Yesterday it was reported that Toy R Us will close down all their stores in the US and Britain, prompting several of you to write with a reminder.
From the New York Post last fall:
Bain Capital has a knack for throwing big toy retailers into bankruptcy. The buyout firm founded by Mitt Romney — which got slammed this week by the Chapter 11 filing of Toys ‘R’ Us — also saw its reputation dinged a dozen years earlier with the shuttering of KB Toys, which at the time had been the nation’s second-biggest retailer.
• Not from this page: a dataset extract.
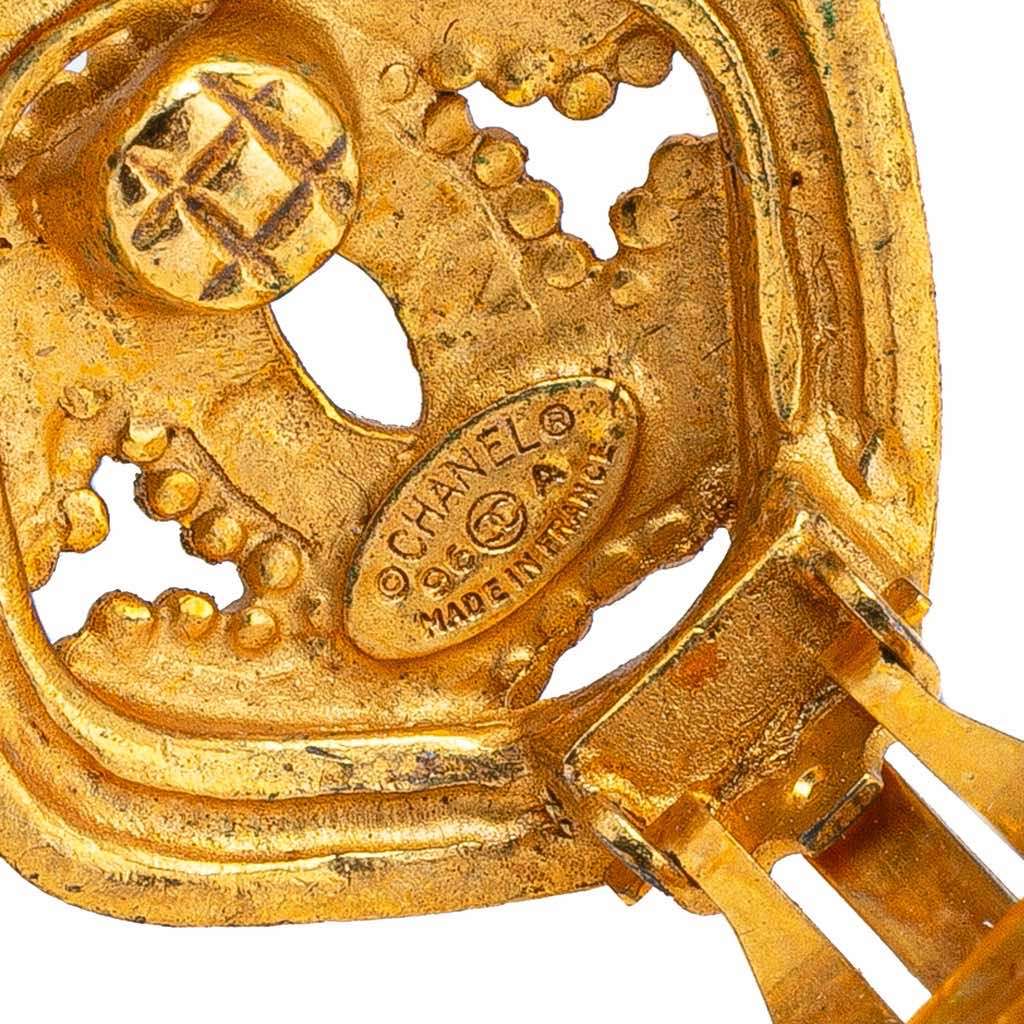 Chanel Gold Plated CC Diamond Clip on Earrings - Image 6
In both instances, critics say Bain and its private-equity partners left the chains vulnerable by saddling them with heavy debt loads as they took them private, crippling their capacity to compete in brutal price wars that have dogged the industry.
From Wolf Street last week:
Toys ‘R’ Us is another one of many private-equity stories that form the core of the brick-and-mortar meltdown. In 2005, during the leveraged buyout boom, PE firms Kohlberg Kravis Roberts (KKR), Vornado Realty Trust, and Bain Capital Partners acquired the shares of Toys ‘R’ Us for $6.6 billion. The firms funded the deal in large part by using Toys ‘R’ Us to borrow the money to fund its own acquisition – hence “leveraged buyout.” This operation stripped out cash and left the company buckling under its debts.